BVW: My wife’s mother made her watch this over and over again. She was really into it. They were living in France out in the country, and it was one of the few VHS tapes she had. I asked her if she wanted to come see this, and she said no, she had seen it too many times already. She was like, I can’t believe you never saw this! I said, That’s the whole point of the column...At the time, there was suddenly a lot more nudity in movies. I was watching stuff like Blow Up, and my mind was being blown. How did I miss this one? I don’t know.
DURING THE MOVIE
[Alex returns to his bedroom after a long night of rape and pillage to listen to Beethoven]
BVW: The micro cassette was advanced technology in 1970!
[Alex’s mother is revealed to have purple hair]
CM: People in the future really do have purple hair!
BVW: That woman has Eileen Townsend hair.

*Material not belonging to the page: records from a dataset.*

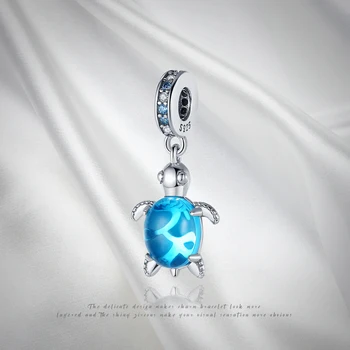 2021 Истинско Сребро 925 проба Синя Костенурка Форма висулки са Подходящи Пандора Оригинален 3 мм Гривна и гривна Дамска Мода Бижута Подарък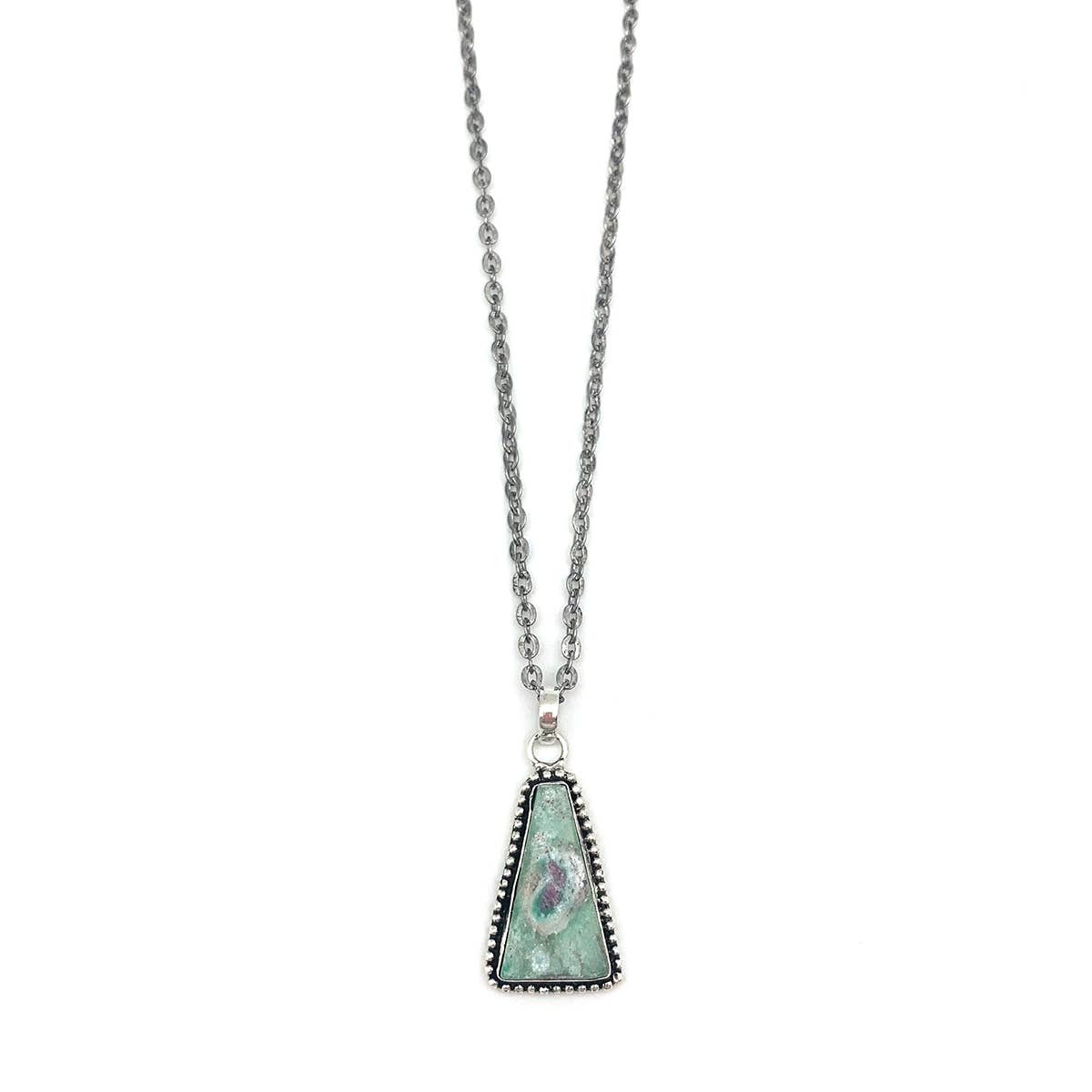 Handcrafted Semiprecious Large Stone Necklace- Ruby Fuchsite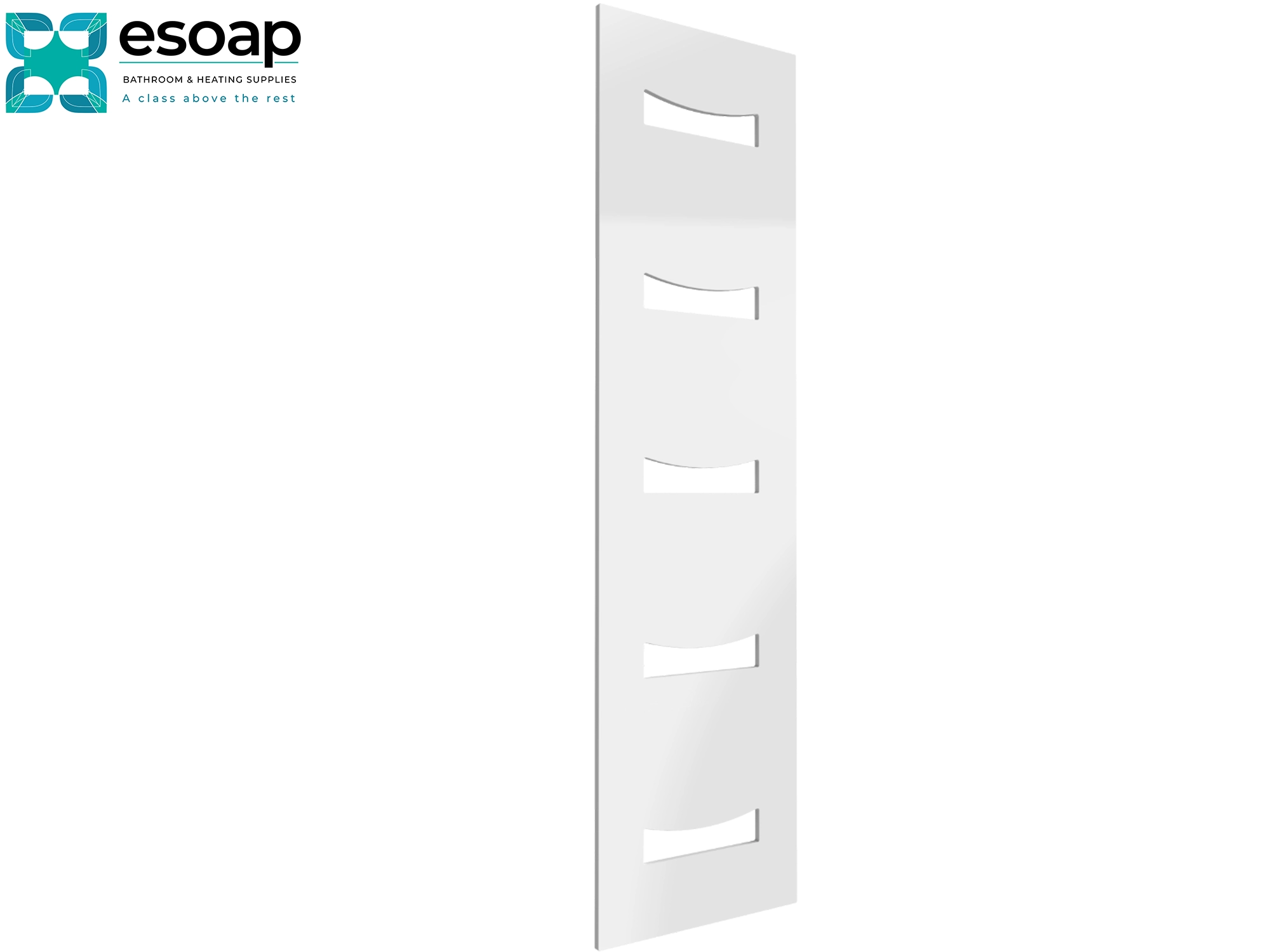 White ancora rectangular panel 1800 x 490  with cut-out sections on a white background, featuring the Esoap brand.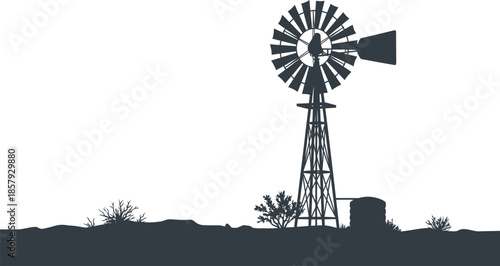 Outback Windmill Silhouette at Sunset Vector Art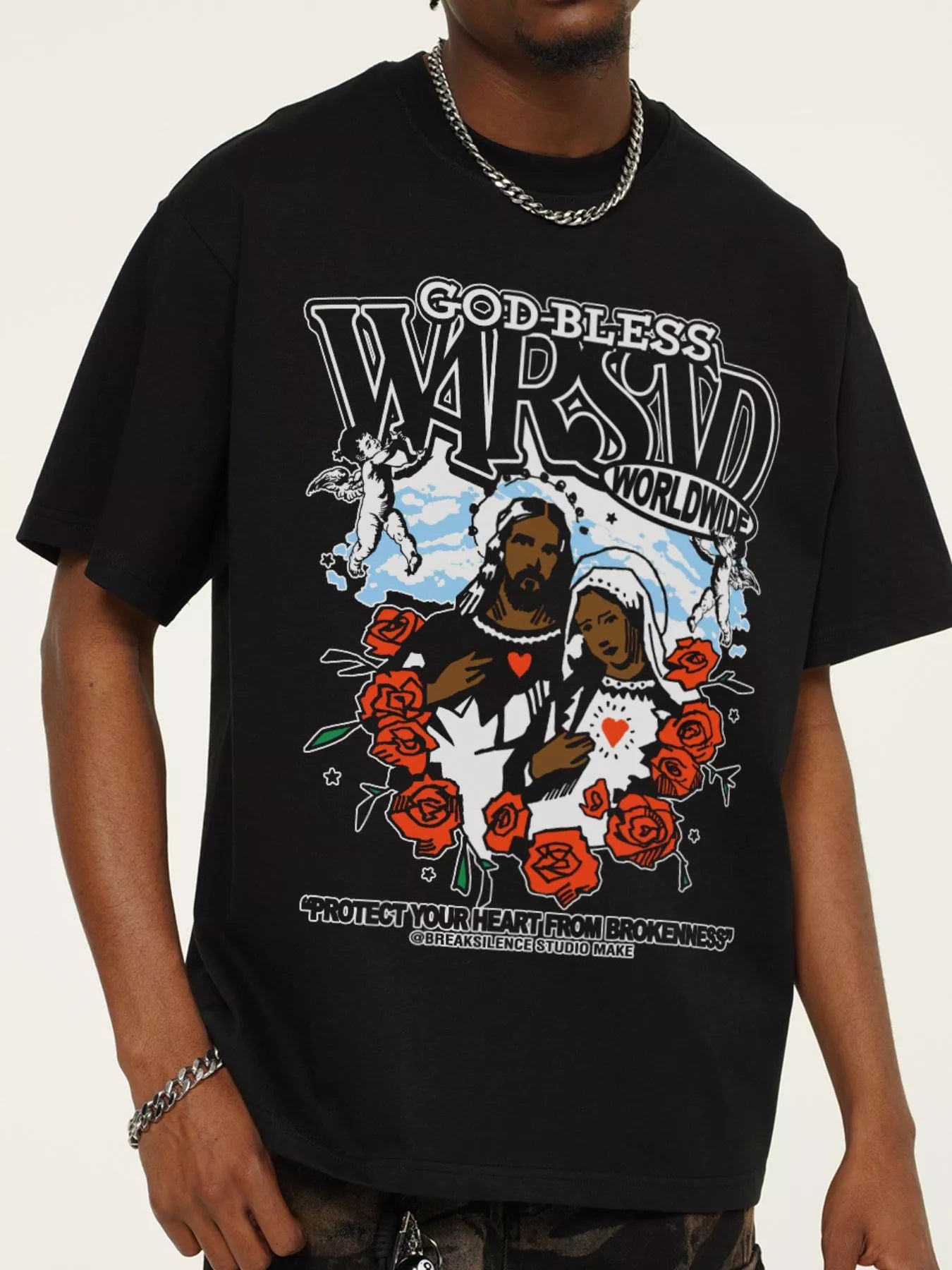 Herren T-Shirt mit Gott-sei-Dank Grafikdruck im Vintage-Waschstil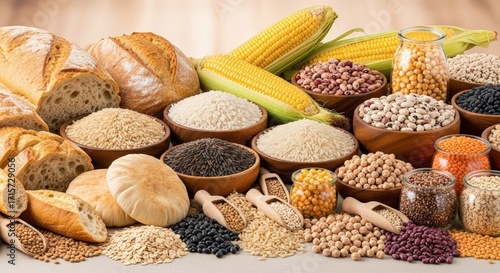 Healthy selection of whole grains beans legumes and bread.
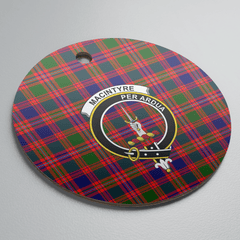 Clan MacIntyre Modern Tartan Crest Round Ceramic Ornament HT69 MacIntyre Modern Tartan Tartan Christmas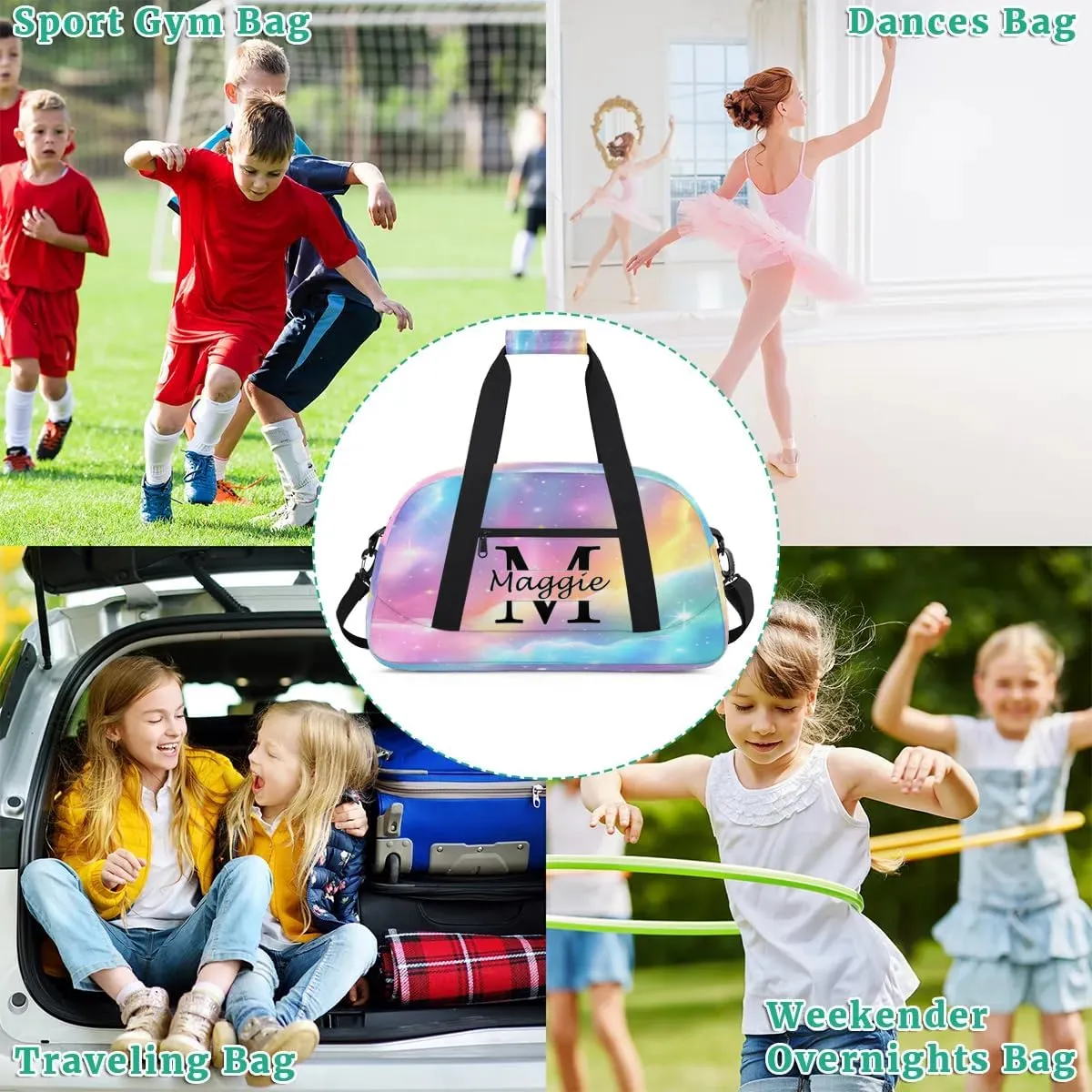 Personalized Initial Name Duffel Bags, Cusotmized Monogrammed Sports Gym Bag Custom Travel Overnight Weekender Bag for Women Men with Name, Custom Gifts, Glitter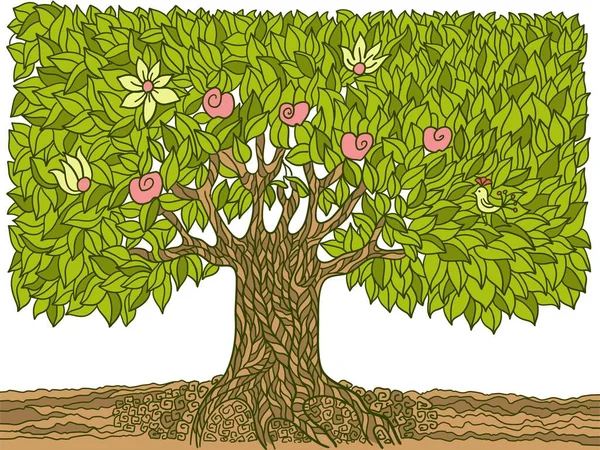 Χέρι Ζωγραφισμένο Doodle Μεγάλο Δέντρο Φρούτα Και Λουλούδια Διάνυσμα Αφηρημένη — Διανυσματικό Αρχείο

[Alex picks up two girls at the record store]
BVW: Everyone is sucking on popsicle dicks!
CM: There are a lot of dicks in this movie.
[The infamous time lapse menage a trois]
CM: This has got to be one of the greatest single takes in movie history.
BVW: I wonder how long that really took?
(I looked it up: 23 minutes)
[Alex is sentenced for his crimes]
BVW: 14 years for murder. He got off easy.
CM: You just wait.
[While reading the bible in the prison library, Alex imagines himself as one of the Roman guards taking Christ to the cross.]
BVW: Oh my god! Do you know how many movies he’s been in? He’s acted in 258 movies! That’s an average of 7 movies a year! That guy works.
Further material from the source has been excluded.